VIX tracking ETN’s – There’s no such thing as a free lunch

by CC April 20, 2011 3:41 pm • Commentary

Dan and I have been thinking alot recently on the best ways to play marketwide volatility. Dan has had some success recently in trading options in the VXX, but also taken some pain on on some earlier trades in that beast. I personally had some success in going long the XIV (VelocityShares Daily Inverse VIX Short Term ETN) during the Japanese nuclear crisis, using it as a hedge when the SPX was near 1250 vs. some market shorts. I want to discuss these types of products and why they are so risky as anything other than a short term bet.

In an ideal world, investors and traders would be able to use Volatility indices in their portfolio as a hedge against market crashes and corrections.
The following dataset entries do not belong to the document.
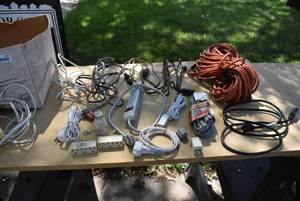 lot 2343 image: Lot of Electric Cables, Extension Cords, & Power Strips
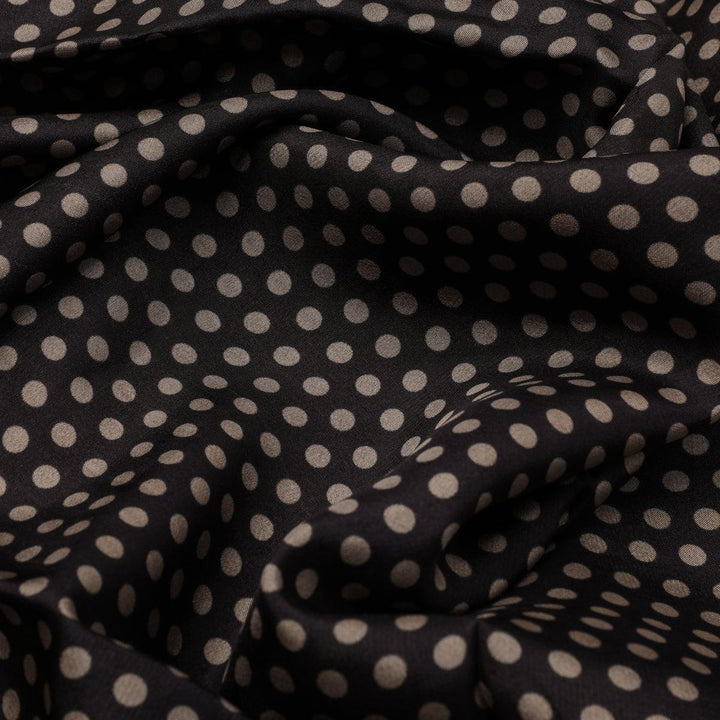 Brown Polka Dot Digital Printed Fabric - Upada Silk - FAB VOGUE Studio®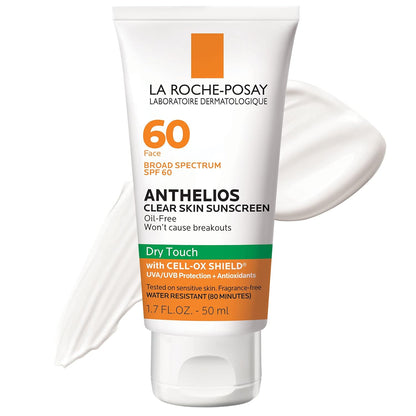 La Roche-Posay Anthelios Clear Skin Sunscreen Dry Touch SPF 60 | Oil Free Sunscreen For Face | Oil Absorbing | Broad Spectrum SPF + Antioxidants | Non-Greasy | Oxybenzone Free | Travel Size Sunscreen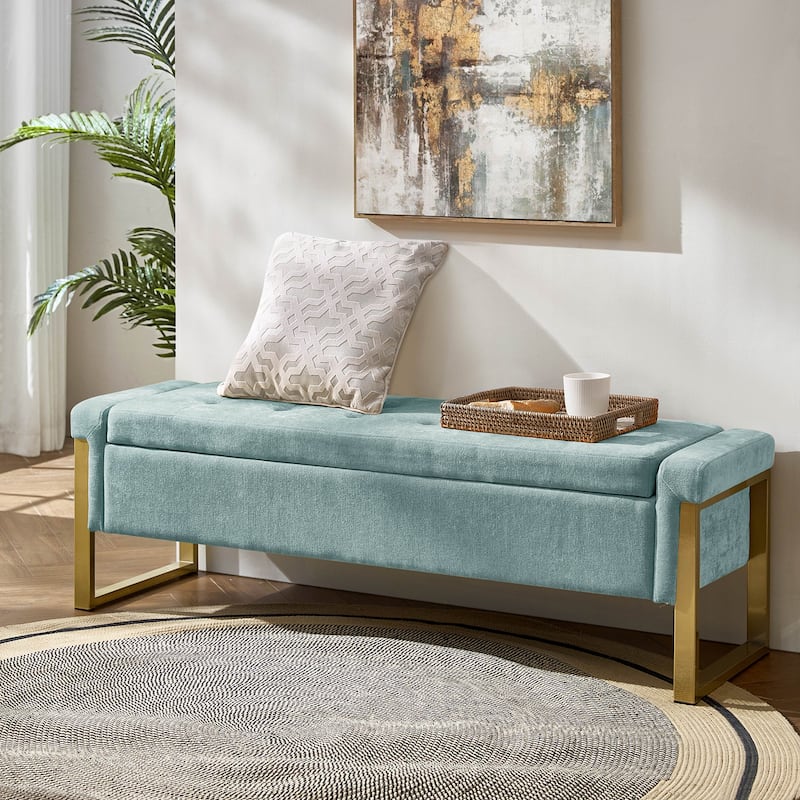 Alina Modern Upholstered Flip Top Storage Bench with Metal Legs by HULALA HOME - Sage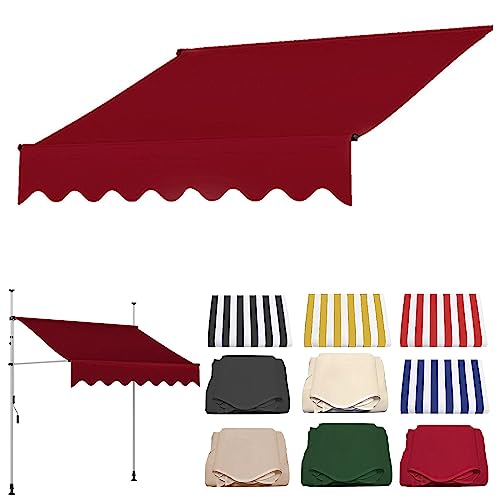 Ersatzstoff für Außenmarkise, Fenstermarkise, Terrassenmarkise, UV Schutz, Wasserdicht, Große Auswahl an Farben und Größen, Rahmen Nicht im Lieferumfang Enthalten ( Color : Red , Size : 2.5M/98.4IN ) von TRUNXUCL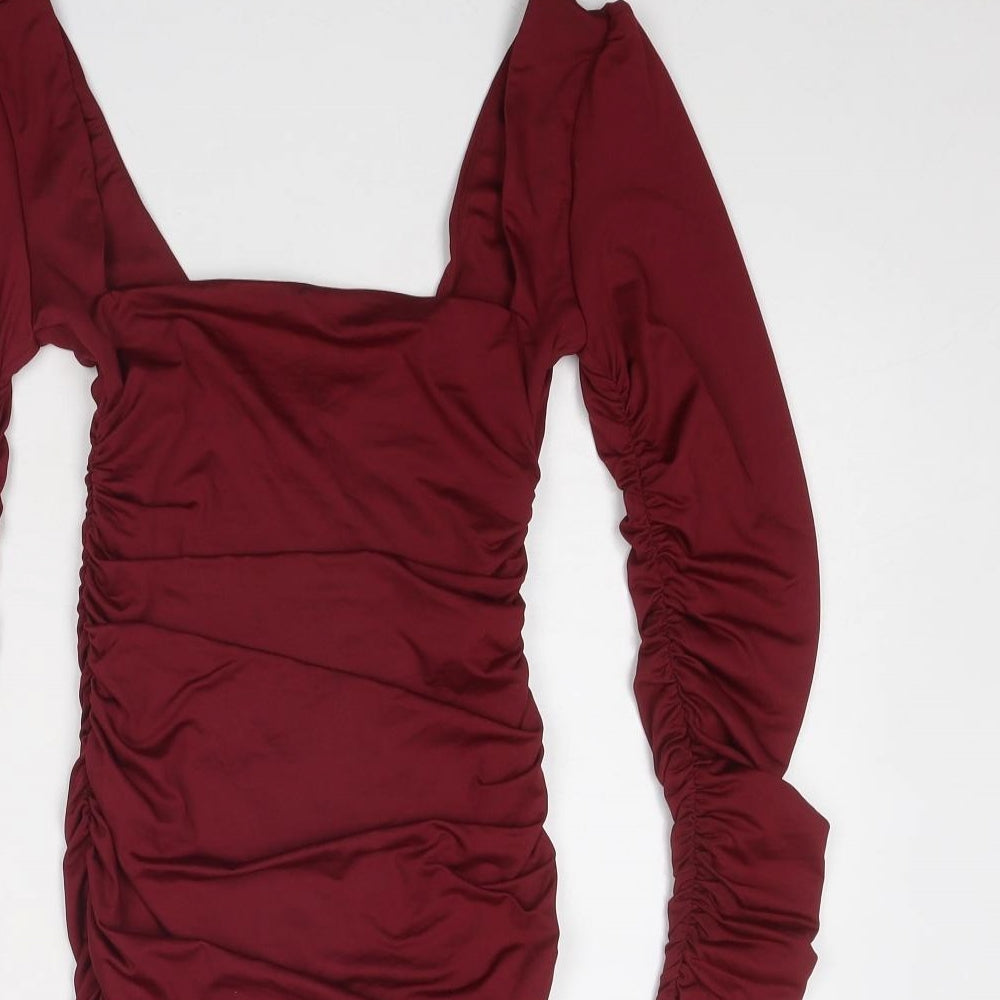 Oh Polly Womens Red Polyester Bodycon Size 6 Square Neck Pullover - Open Back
Alot of products have been launched in the past few years to attempt this.

Since the invention of options, most market participants have hedged portfolios or single stock holdings in the form of puts, collars, risk reversals etc. in the underlying stock or index. An index was created that attempted to give a sense of how this options hedging was trading as a whole. The VIX. At the risk of oversimplifying, the VIX is an index that measures the combined implied volatility of options on the S&P 500.

Now back to VXX et al. The VXX is an ETN issued by iPath. It attempts to track short term futures in the VIX. If your head is starting to spin, it should. The VIX has futures. The VXX tracks those futures. (a derivative, of a derivative, of a derivative, of a… well, you get the point) The problem with anything that tracks futures is they can hemorrhage money on something called contango. Contango, again to oversimplify, is when the spot price of the future is below the price of the future month it needs to roll towards at expiration. E.g. The front month is expiring at 18, the next month out that needs to be bought trades 20 = your index losing 2 dollars. This happens all the time in an ETN like VXX.

The best way to think about this, is VXX (and other instruments like it) has decay. It’s not that different than being long premium in the form of puts. If one were to buy calls in VXX (or something similar) one would be long premium that decays, on something that essentially mimics being long premium that decays. This is like playing Russian Roulette where 5 of the chambers have a bullet, and the other one spits out 10 thousand dollars.

Yikes!

In other words. You better be right, you better be right fast, and you better run as soon as that $10k shoots into your ear.

I haven’t looked into all of these things, but what has struck me is that the short VIX futures instruments (e.g. XIV) seem to fare much better in mimicking the price of the VIX futures. FT Alphaville did a pretty good job explaining why it’s so hard to mimic the VIX. You can read their take here.

Dan and I are going to keep our eyes on this stuff and figure out the best ways to play these things. Like I told Dan last night, if there were instruments out there that traded one to one with VIX futures, had no contango, had no decay, were mean reverting when the VIX was at say 12 or 60, and had no expiration? I may not trade anything else but those for the rest of my life. Because that my friends, would be a free lunch. Unfortunately, there’s no such thing as a free lunch yet.